Start of Dataset excerpt

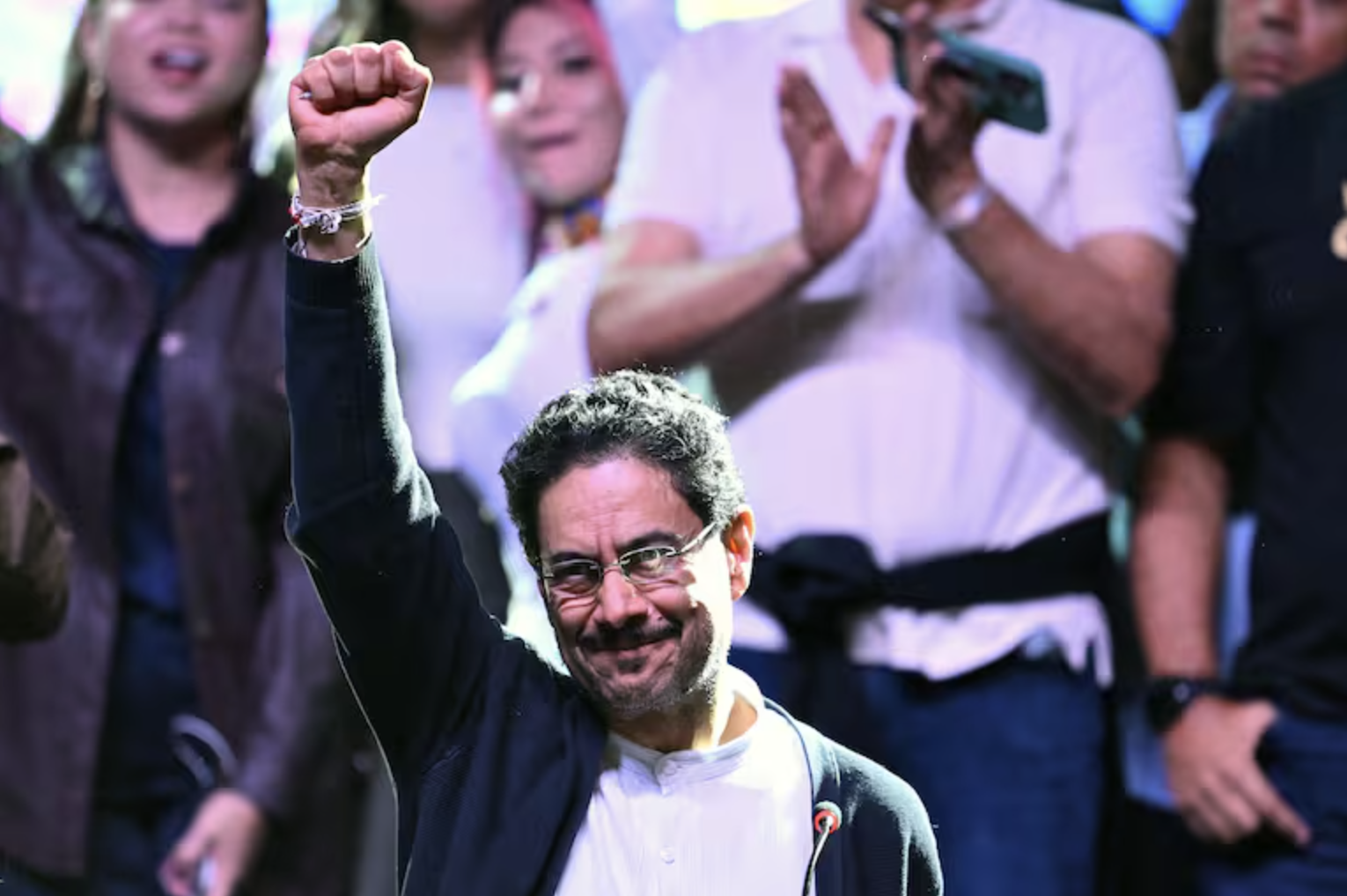 El candidato presidencial colombiano del gobernante Pacto Histórico, Iván Cepeda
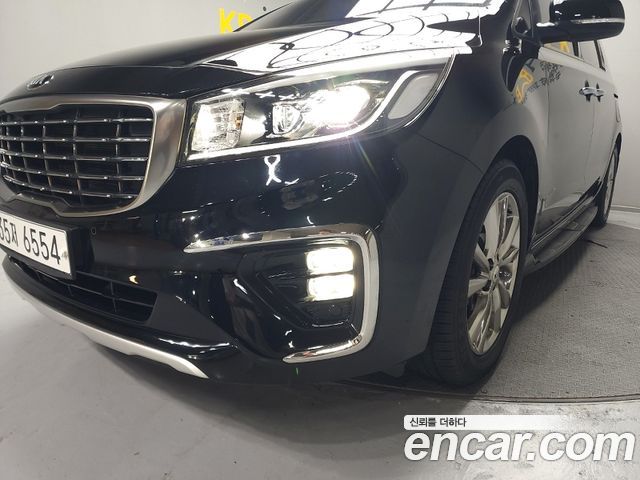 Kia Carnival New 9-Seater Luxury - фото 1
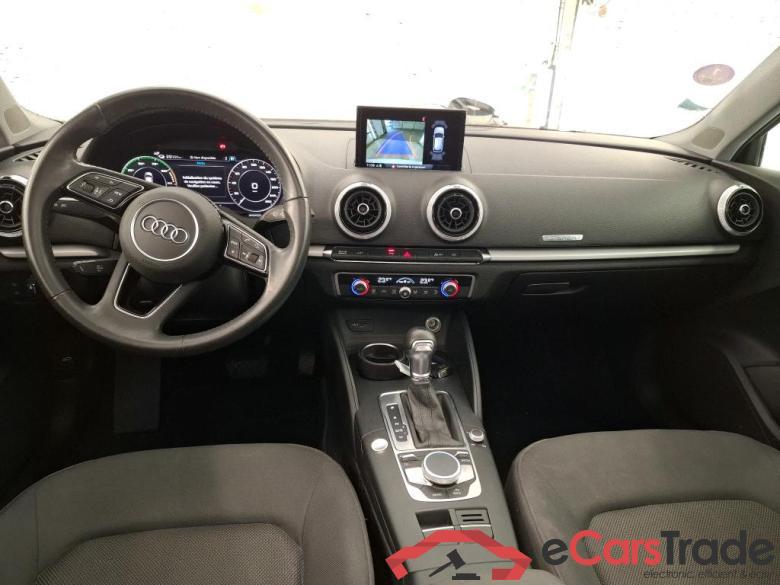 AUDI A3 Sportback e-tron / 2016 / 5P / Berline 40 e-tron S TRONIC BUSINESS LINE #5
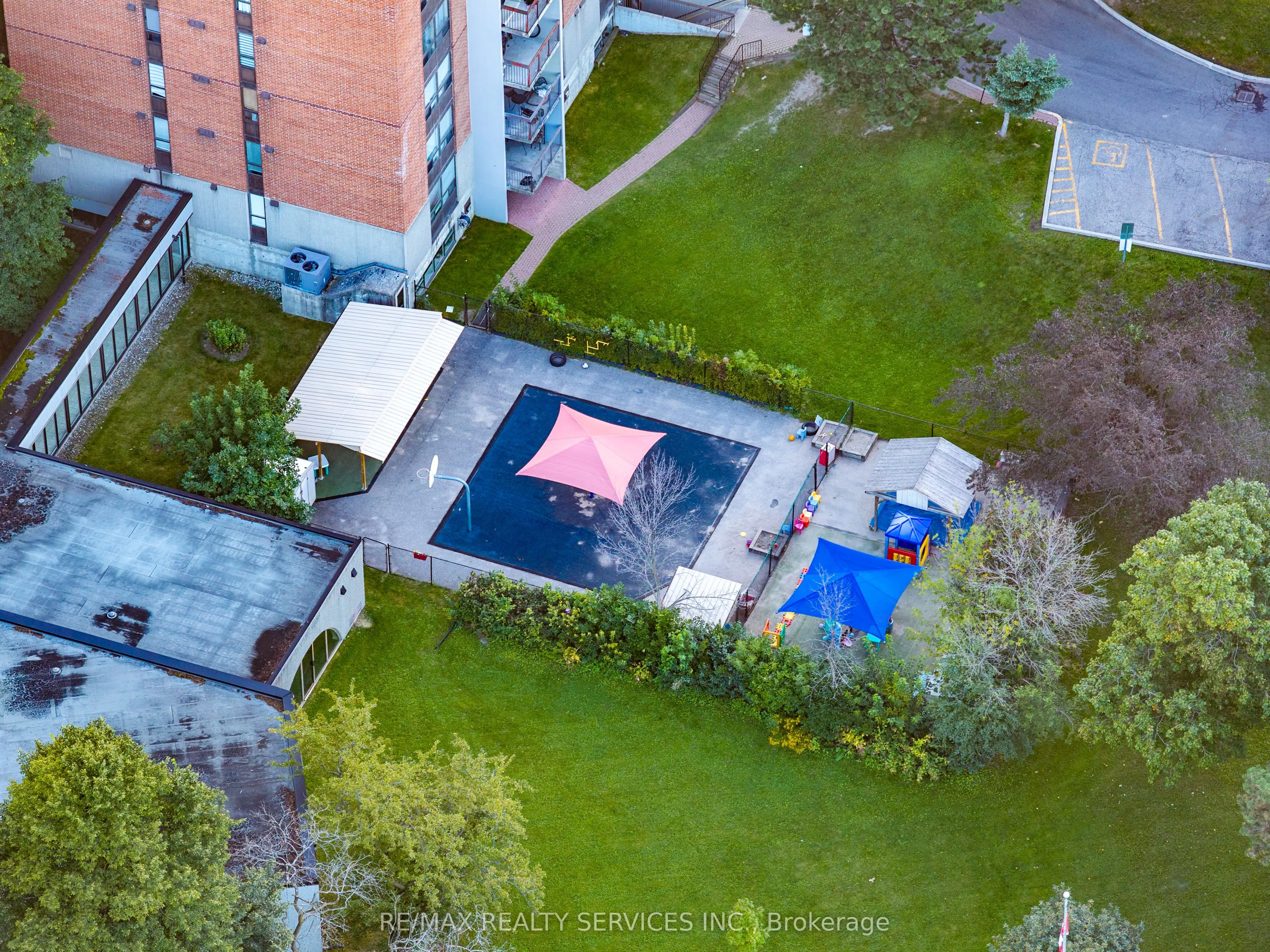 20 Mississauga Valley Boulevard #701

End of Dataset excerpt

The expected answer is the data retyped exactly, without pictures.

● Exercise output
 El candidato presidencial colombiano del gobernante Pacto Histórico, Iván Cepeda
 Kia Carnival New 9-Seater Luxury - фото 1
 AUDI A3 Sportback e-tron / 2016 / 5P / Berline 40 e-tron S TRONIC BUSINESS LINE #5
 20 Mississauga Valley Boulevard #701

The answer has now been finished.